> WORK TO BE COMPLETED:
In the material below, begin at the line that has "kitchen featuring sink, appliances", stop after the line that has "102 Mayfair Ave, New", and transcribe those lines exactly, without pictures.

> DATA SUPPLIED:
◇ ◇ ◇ ◇ ◇
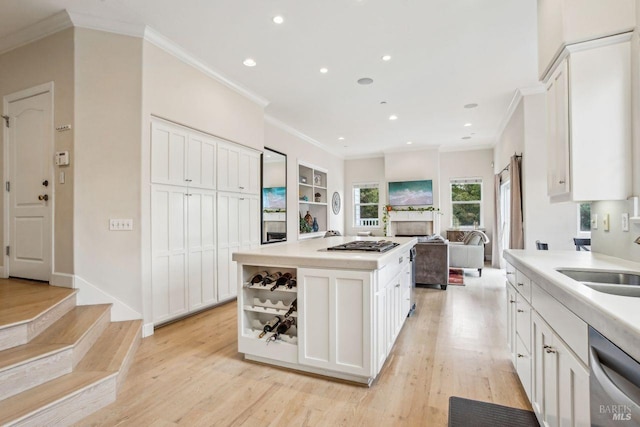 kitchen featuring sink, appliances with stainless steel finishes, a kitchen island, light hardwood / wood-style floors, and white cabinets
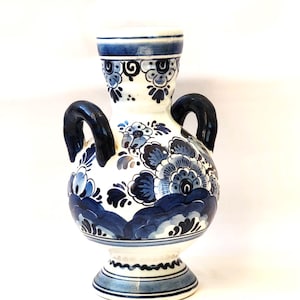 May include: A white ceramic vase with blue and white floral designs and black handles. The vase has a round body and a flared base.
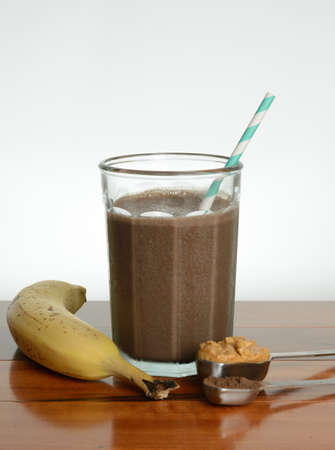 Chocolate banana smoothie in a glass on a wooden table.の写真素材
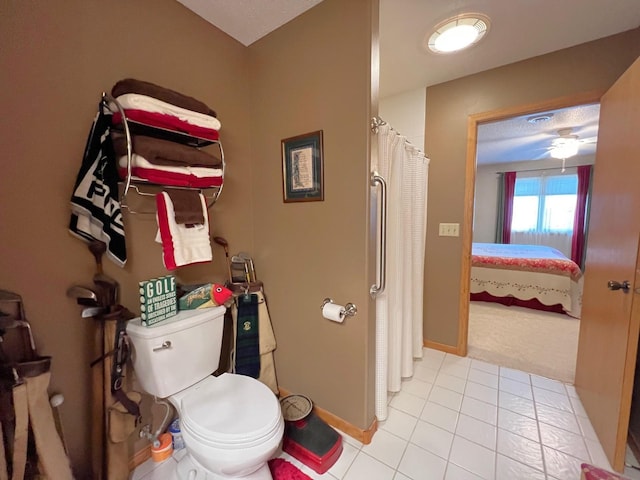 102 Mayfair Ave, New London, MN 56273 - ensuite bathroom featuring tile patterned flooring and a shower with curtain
◇ ◇ ◇ ◇ ◇
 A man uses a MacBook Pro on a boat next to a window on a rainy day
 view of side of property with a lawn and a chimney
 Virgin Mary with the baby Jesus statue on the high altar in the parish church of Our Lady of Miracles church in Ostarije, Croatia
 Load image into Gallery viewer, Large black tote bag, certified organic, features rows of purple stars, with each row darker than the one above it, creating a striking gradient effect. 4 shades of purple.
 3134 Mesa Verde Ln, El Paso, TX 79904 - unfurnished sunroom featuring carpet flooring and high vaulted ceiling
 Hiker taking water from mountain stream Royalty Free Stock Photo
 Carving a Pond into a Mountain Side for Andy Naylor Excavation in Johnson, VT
◇ ◇ ◇ ◇ ◇
> ANSWER FOR THIS EXERCISE:
 kitchen featuring sink, appliances with stainless steel finishes, a kitchen island, light hardwood / wood-style floors, and white cabinets
 May include: A white ceramic vase with blue and white floral designs and black handles. The vase has a round body and a flared base.
 Chocolate banana smoothie in a glass on a wooden table.の写真素材
 102 Mayfair Ave, New London, MN 56273 - ensuite bathroom featuring tile patterned flooring and a shower with curtain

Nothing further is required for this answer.